You know, it never occurred to me. It really never occurred to me because to me he was so great and I knew that he had so many demands on his time that I felt that I should tell telegraph him instead and not take up his time. And so I did. And he sent back a telegram and he said to me, “Remember you are rocked in the cradle of God’s Presence.” And immediately, when I read that telegram, I was lifted up into a state of bliss that I can’t begin to tell you. I shall never forget that experience for as long as I live.
Remember always that you are rocked in the cradle of God’s Infinite Presence. How tremendous that is, and yet it’s true; we have that Christ child within ourselves. We have within ourselves that gift of spiritual motherhood. And if we will only control our senses, if we will only control our thoughts, our words, our actions, and focus our full attention on Him, that we can actually have union with God and bring forth a Christ child, born in the manger, the manger of our own being.
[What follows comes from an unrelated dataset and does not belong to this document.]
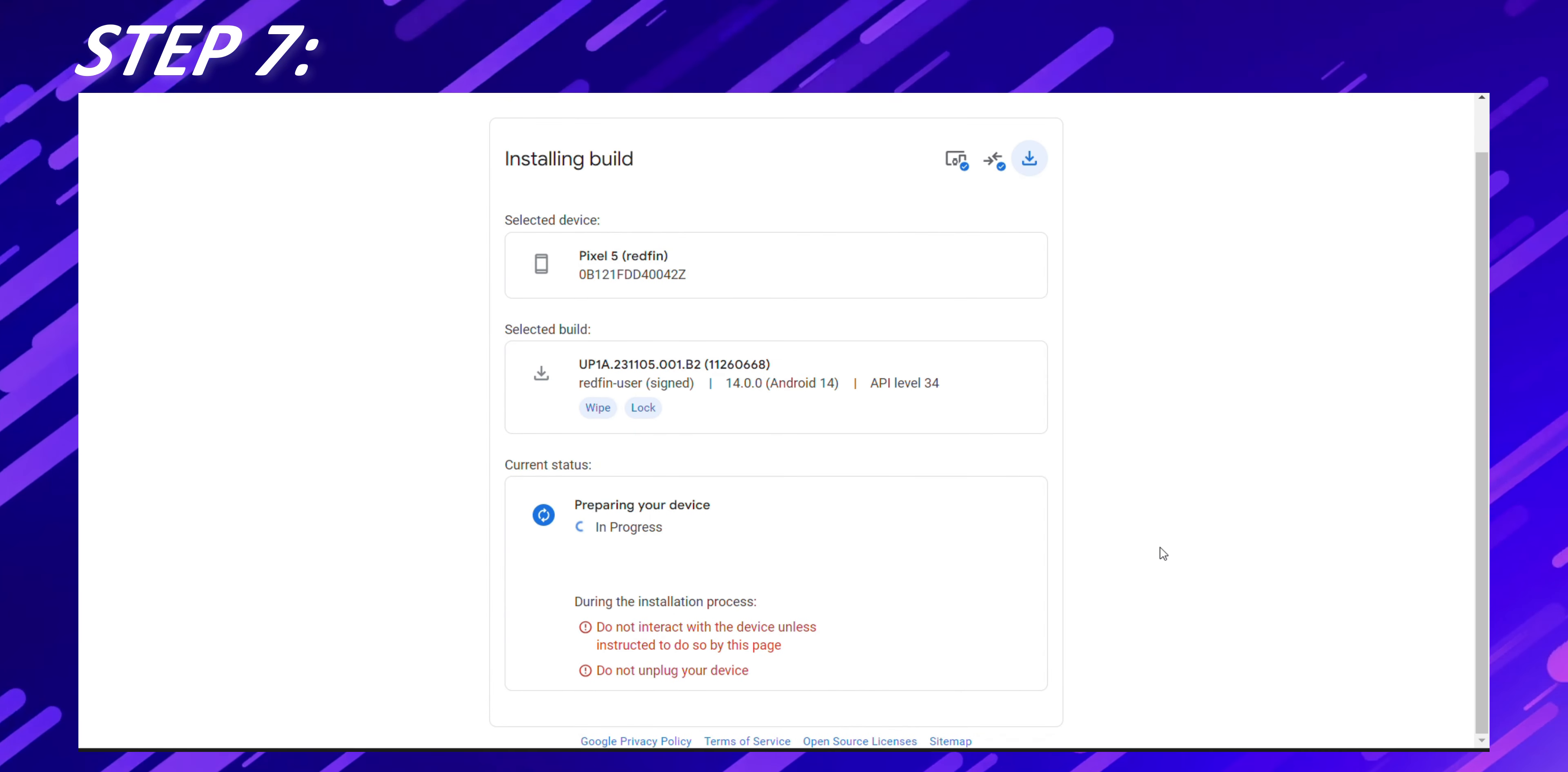You'll see that the stock firmware has begun installing. This process may take several minutes depending on the internet speed you have. The Flash tool will first be downloading the firmware file and then be installing it. So be patient and do not do anything with the connected phone till then.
It is true that when God creates a child, that He sends forth from Himself that one, that part of Himself which could influence a whole, whole world. All of this you have within yourself. This applies to men as well as it does to women.
A woman should look to her husband and see the God in him. If they come together in physical union, then it should be with the consciousness upon God—of giving themselves, of sharing something beautiful in God. And if you will learn to come together in this way and then to speak of God afterwards, you will find that it will change your whole desire nature. And you will find that you do not have the trouble with passion that you had before; that you will be lifted up and the need will grow less and less, and you haven’t lost anything, because in its place will come this immortal bliss. And after you have once experienced this bliss of God, this tremendous bliss that emanates from the spine and goes through every part of your being, and then you descend again to the human level and have a relationship in the physical sense, you actually feel like crying, and sometimes do, because you have lost something so precious. And for what?
That is the Judas within you, the life force that betrays the savior, because it’s an outgoing force. And instead of outgoing, it should be turned upwards. That is why it is said that Judas hung himself on a tree. Now, upside down, it said. So this means that when man finally comes to the realization that the thing that he must do is to control his senses—through concentration, through meditation, through worship and love and service of God—that when he does this, that he himself is turned upside down, and instead of that life‑force being expended out from himself, then it goes up and it is turned into creative power.
And the Bible itself speaks of this body—your body, my body, everybody’s body—as the house, as the tree, as the cross, as the robe, as the temple of the living God. There are many references to it. But one is the tree, because it is the tree of life. And so this Judas force which betrays, hangs itself upside down, and is no more. And then that force is contained within yourself and used to put forth the great power and the wonder of the special gifts that God has given you, and above all, to help you to seek Him who is your very, very Self.
How beautiful, how wonderful is God in His aspect of the Divine Mother. If we could all just reach out to Her, visualize ourselves climbing on her lap, feeling Her arms around us; visualize Her as a person, if you wish—radiant, beautiful, glorious, with the light shining to the farthest corner of the universe.
This is the way the Divine Mother is. Make yourself one with Her. Feel Her Presence, and you will be lifted up and you will become God‑men and God‑women, and you will become mothers and fathers to the whole universe.
Now let us pray to Him… [Mother leads the congregation in the Closing Prayer.]